Kasım 2019’da yapılması gereken Genel Milletvekili ve Cumhurbaşkanlığı seçimlerini, MHP lideri Devlet Bahçeli’nin gündeme getirmesi ve Cumhurbaşkanı Recep Tayyip Erdoğan’ın kararıyla Türkiye 24 Haziran 2018’de erken seçime gitti. Meydanlar, medya ekranları, sosyal medya duvarları, geceli gündüzlü herkesin gündeminde seçim vardı. Seçimle yattık, seçimle kalktık. Acısıyla tatlısıyla bir Cumhurbaşkanlığı ve Milletvekili Genel Seçimini geride bıraktık.

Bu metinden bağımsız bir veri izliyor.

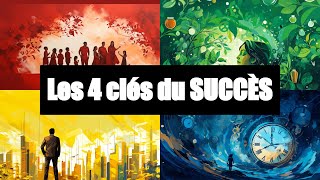 Les 4 clés du succès [upl. by Airol]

Her girdiği seçimden zaferle çıkan Cumhurbaşkanı Recep Tayyip Erdoğan bu seçimden de 26 milyon oy alarak yüzde 52’lik bir oy oranıyla seçimin yine galibi oldu. Erdoğan için, “Sırtı yere gelmeyen bir pehlivan” desek yeridir. Çünkü; Erdoğan, Türkiye’nin siyasi tarihine öyle bir mühür vurdu ki bu mühür ne silinir ne de “uçar”!
Aziz Türk milleti Cumhurbaşkanı ve 27. Dönem Milletvekili Genel Seçimlerinde yüzde 89’luk bir katılımla iradesini sandığa yansıttı. Bu yazıda derinlemesine bir seçim analizi, çıkan sonuçlar ne diyor? gibi uzun uzadıya analizler yapılmayacaktır. Türkiye’de bir kez daha görülen “milliyetçi dalganın” üzerinde durulacaktır. 24 Haziran seçimleri bir kez daha gösterdi ki, sağ seçmenin Türkiye’de ağırlığı çok fazla. Yeni sistemle de ortaya çıkan sonuçlar bunu doğrulamaktadır. Meclis’te her ne kadar çoklu bir yapı ortaya çıkmış olsa da yeni sistem; hem sağ partiler hem de sol partiler için artık ittifakları zorunlu kılıyor.